Start of INFORMATION

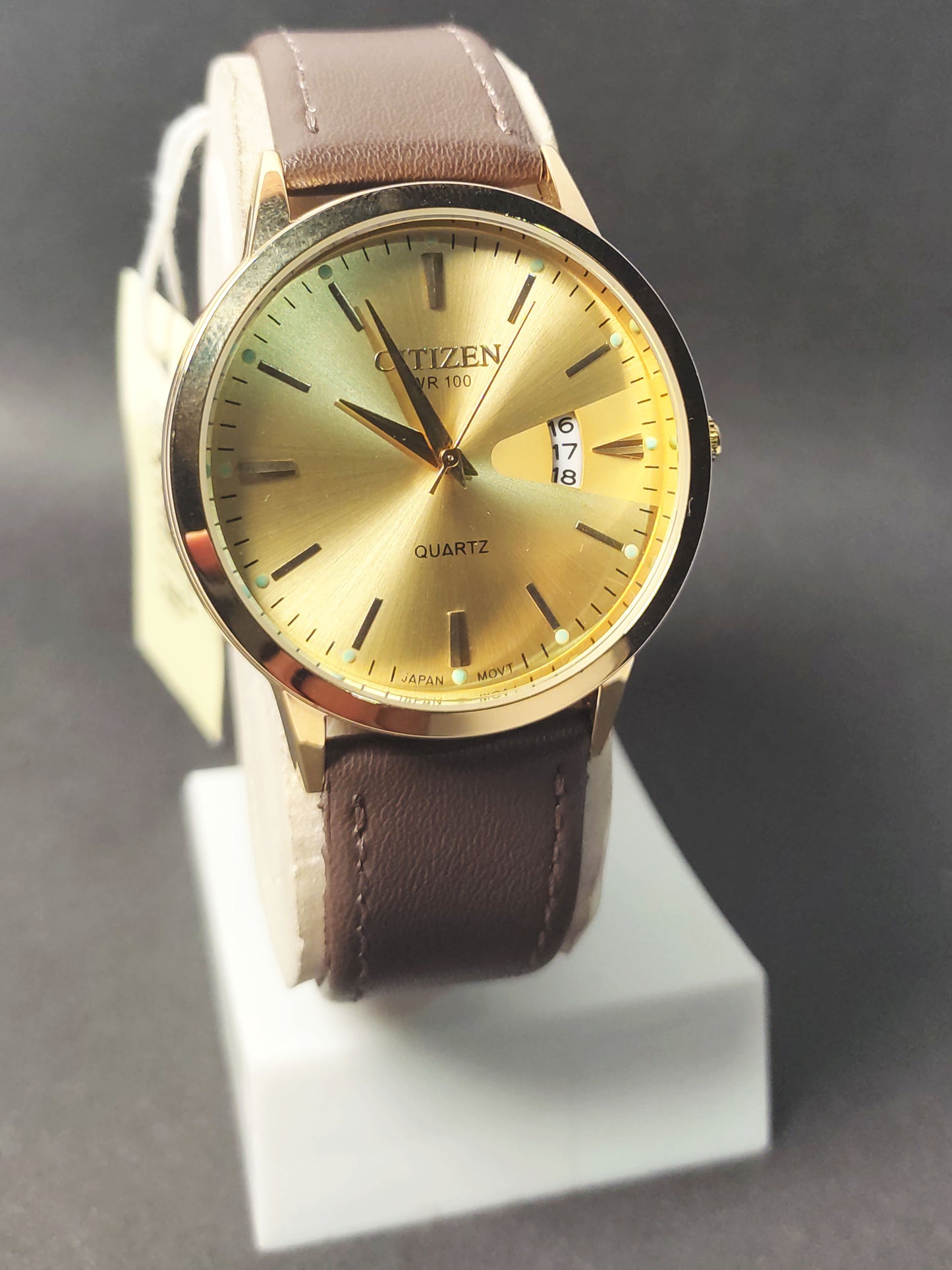 Citizen WR-100 : Watch
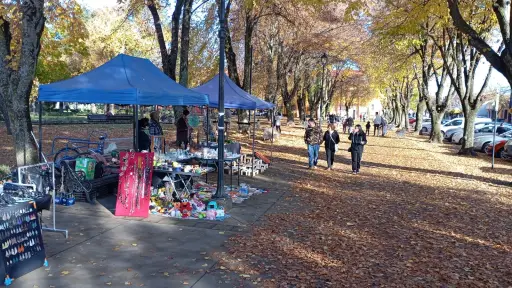 Anticuaria de Plaza Pinto denuncia exclusión y castigo por parte de agrupaciones administradoras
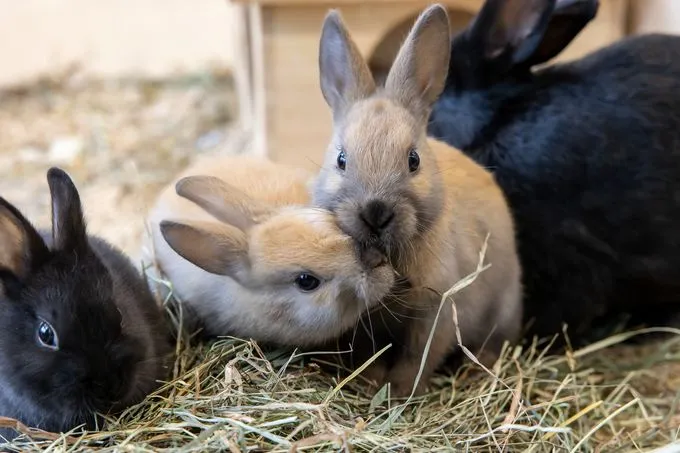 Kaninchen - Kaninchen zur Adoption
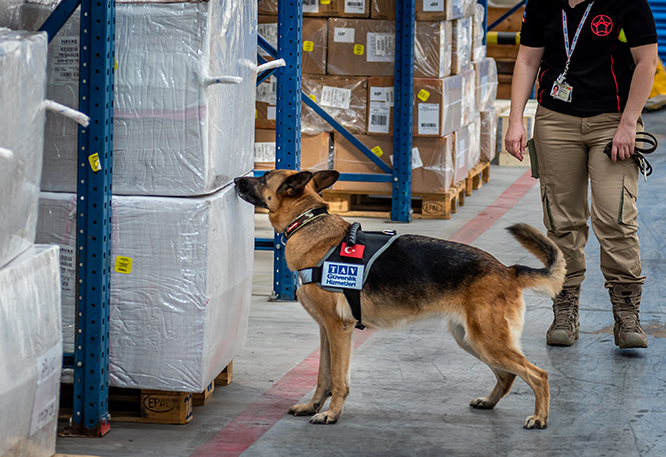 TAV Güvenlik K9 köpekleriyle COVID-19 kontrolüne başlayacak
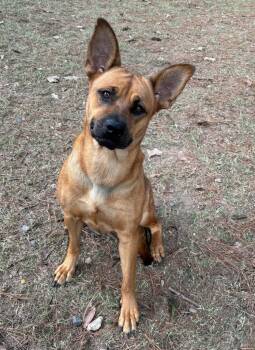 Rescue Shepherd Dogs for Adoption in Little Rock, Arkansas - Snickers | PetCurious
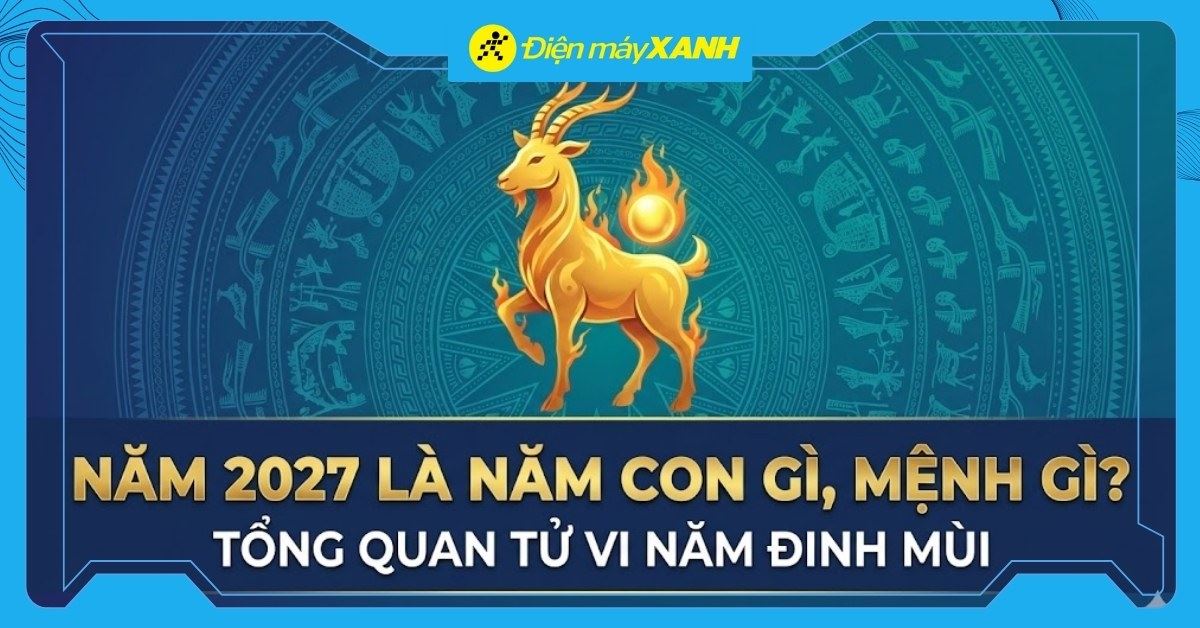 Năm 2027 là năm con gì, mệnh gì? Tổng quan tử vi năm Đinh Mùi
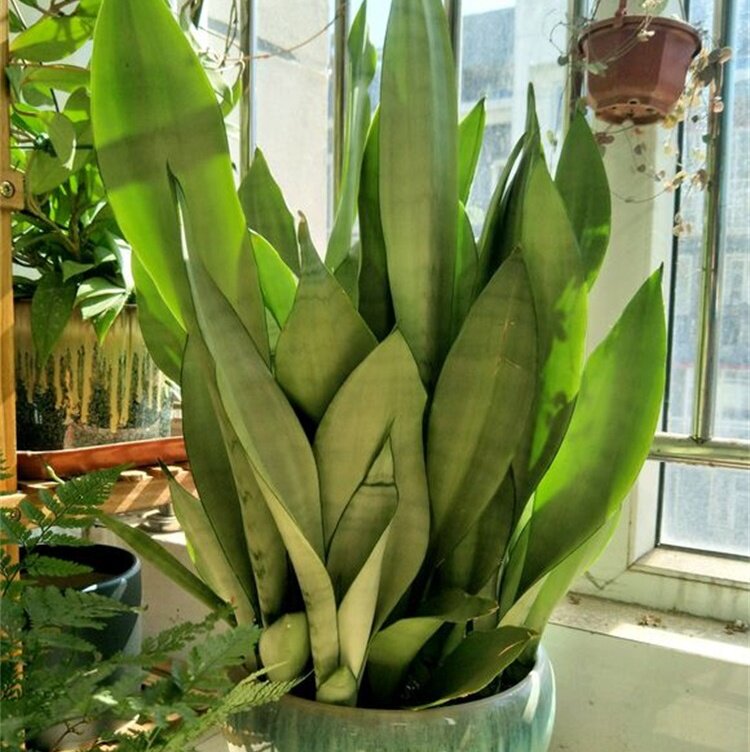 4种"耐旱又耐阴"的绿植,新手种直爆盆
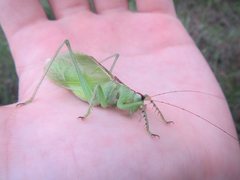 Hexacentrus mundurra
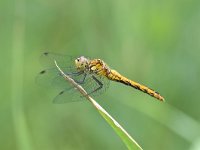 Sympetrum depressiusculum 10, Kempense Heidelibel, Saxifraga-Luuk Vermeer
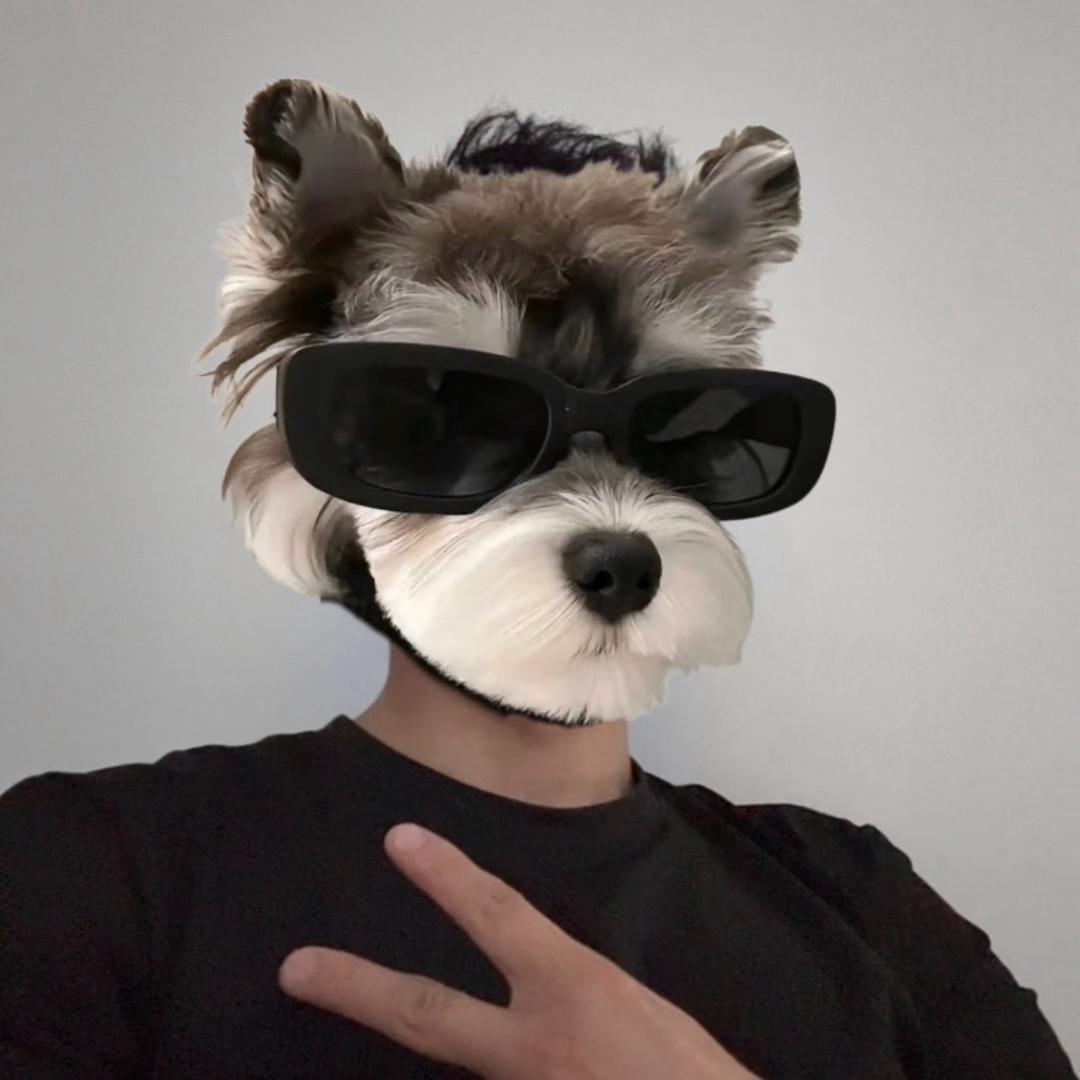 骑车的赵小赵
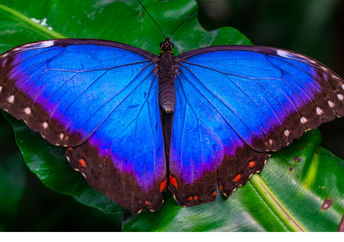 Morpho butterfly wings inspired the new cooling film.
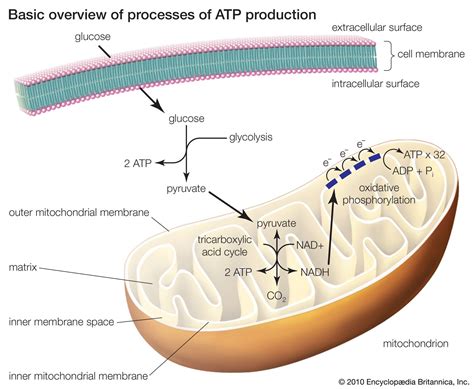 Glycolysis Cellular Respiration Flow Chart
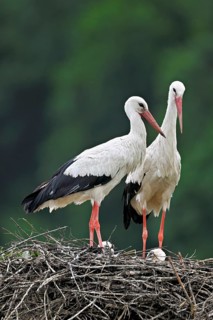 White storks (Ciconia ciconia), pair standing on eyrie, Canton Aargau, Switzerland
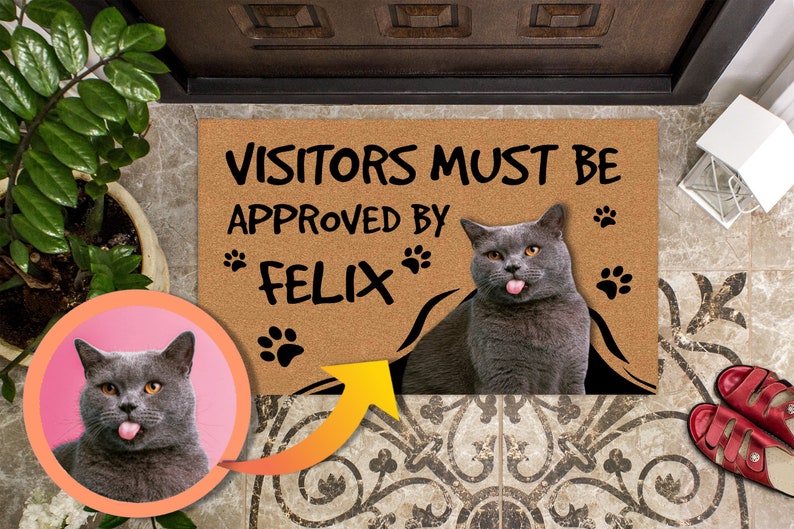 Funny Personalized Cat Doormat Visitors must be approved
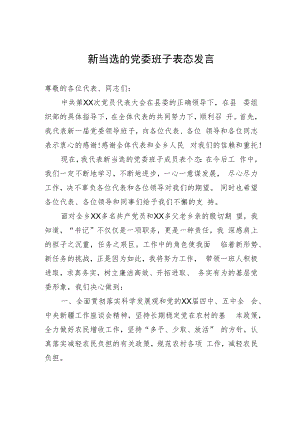 新当选的党委班子表态发言.docx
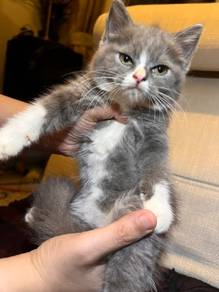 British Shorthair Kitten 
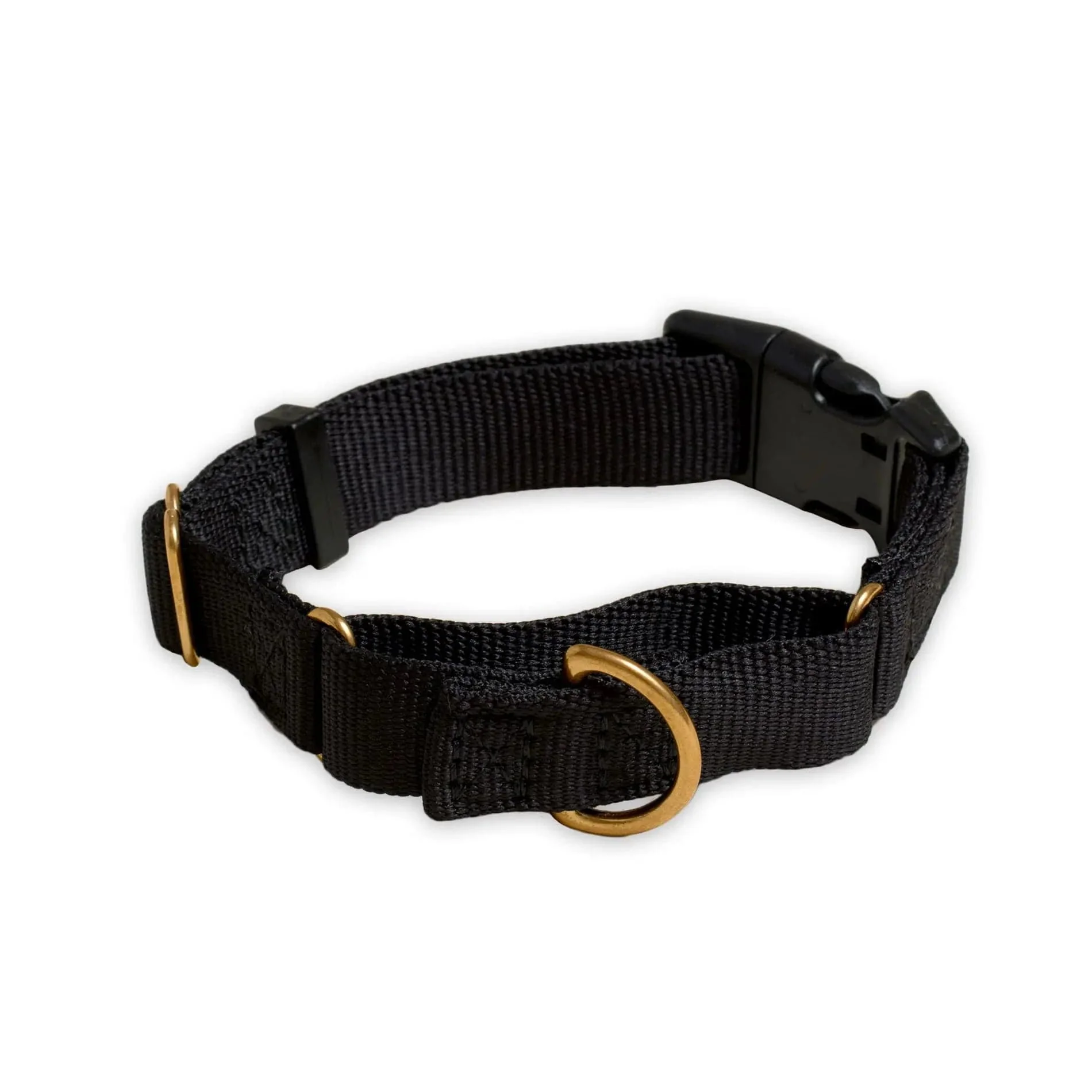Marty Dog Collar - Image 16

End of INFORMATION

-- WHAT NEEDS TO BE DONE --
When you copy the data, keep every line exact and leave out each picture.

-- TASK RESPONSE --
 Citizen WR-100 : Watch
 Anticuaria de Plaza Pinto denuncia exclusión y castigo por parte de agrupaciones administradoras
 Kaninchen - Kaninchen zur Adoption
 TAV Güvenlik K9 köpekleriyle COVID-19 kontrolüne başlayacak
 Rescue Shepherd Dogs for Adoption in Little Rock, Arkansas - Snickers | PetCurious
 Năm 2027 là năm con gì, mệnh gì? Tổng quan tử vi năm Đinh Mùi
 4种"耐旱又耐阴"的绿植,新手种直爆盆
 Hexacentrus mundurra
 Sympetrum depressiusculum 10, Kempense Heidelibel, Saxifraga-Luuk Vermeer
 骑车的赵小赵
 Morpho butterfly wings inspired the new cooling film.
 Glycolysis Cellular Respiration Flow Chart
 White storks (Ciconia ciconia), pair standing on eyrie, Canton Aargau, Switzerland
 Funny Personalized Cat Doormat Visitors must be approved
 新当选的党委班子表态发言.docx
 British Shorthair Kitten 
Marty Dog Collar - Image 16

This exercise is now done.